A maior parte da sociedade compreende o grande dano causado por protestos desse tipo e repudiou as invasões. Também a comunidade escolar, em várias instituições, rechaçou a invasão como método, mesmo tendo posições contrárias à MP do ensino médio ou à PEC do Teto. Mais que em considerações práticas – e válidas –, como o prejuízo com dias de aula perdidos, o ideal é que tal rejeição tenha se baseado na convicção de que numa democracia ninguém, isoladamente ou em grupo, pode impor na marra as próprias vontades e ideias sobre os demais, por mais nobres que sejam. Não se recorre à força para tolher direitos dos outros. Esta ideia é basilar para uma autêntica cultura democrática.
Não podemos deixar aberto um flanco para o autoritarismo disfarçado de “respeito à maioria”

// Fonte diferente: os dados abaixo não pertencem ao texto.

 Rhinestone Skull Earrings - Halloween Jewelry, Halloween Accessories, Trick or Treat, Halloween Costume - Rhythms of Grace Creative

Mas existe uma outra noção importante, que se refere ao alcance da vontade da maioria. Ela é um componente essencial da democracia, e convencionou-se chamá-lo de “princípio majoritário”. É ele, por exemplo, que concede legitimidade aos governantes, escolhidos pela maioria do voto de toda a população de um município, estado ou país. A segunda maneira ordinária de colocar em ação o princípio majoritário se verifica quando, via representação, os membros do Legislativo escolhidos pelo povo elaboram leis. E, excepcionalmente, a totalidade da população também é chamada a se pronunciar em plebiscitos ou referendos.
Seria um equívoco, no entanto, associar a democracia única e exclusivamente à aplicação do princípio majoritário. A própria noção de dignidade humana coloca um limite à vontade da maioria: ela não pode, jamais, avançar sobre direitos fundamentais e inalienáveis. Do contrário, já não estaríamos em uma verdadeira democracia, e sim em uma “ditadura da maioria” que aceitaria a retirada desses direitos, com prejuízos incalculáveis. É por respeito aos direitos fundamentais do cidadão, por exemplo, que os habitantes de uma cidade nunca poderiam se reunir e impedir a instalação de um estabelecimento comercial como uma padaria ou uma loja de roupas. Nem seria aceitável que trabalhadores de uma empresa decidissem “isolar” um empregado cuja posição ideológica, embora legítima, destoasse da maioria, até que ele resolvesse pedir demissão ou até que o empregador o mandasse embora em nome da manutenção de um ambiente de cooperação. Tais decisões violariam direitos fundamentais à livre iniciativa e de exercer uma atividade profissional.
Isso nos traz de volta às invasões. Quando o Prédio Histórico da UFPR foi invadido, por exemplo, um grupo de alunos emitiu nota de protesto reclamando não tanto do ato em si (pois esse grupo era favorável a uma invasão), mas do fato de ele ter ocorrido antes da assembleia que deliberaria sobre o tema, como se a eventual aprovação tivesse o poder de legitimar o protesto. Uma noção triplamente equivocada. Primeiro, porque a própria natureza da invasão já era antidemocrática, por se tratar de uma imposição de plataformas pela força. O segundo erro é pretender aplicar o princípio majoritário a maiorias circunstanciais (como uma reunião ou assembleia), quando ele se refere à totalidade da população. E, por fim, porque nem mesmo se toda a população desse um voto formal de apoio às invasões seria aceitável a restrição aos direitos de estudantes, professores e funcionários.
Se aceitarmos que direitos inalienáveis sejam limitados ou até suprimidos pela mera vontade da maioria reunida em assembleia ou em votação geral, estaremos deixando aberto um flanco para o autoritarismo disfarçado de “respeito à maioria”. Esta é uma lição que vale a pena consolidar em 2017.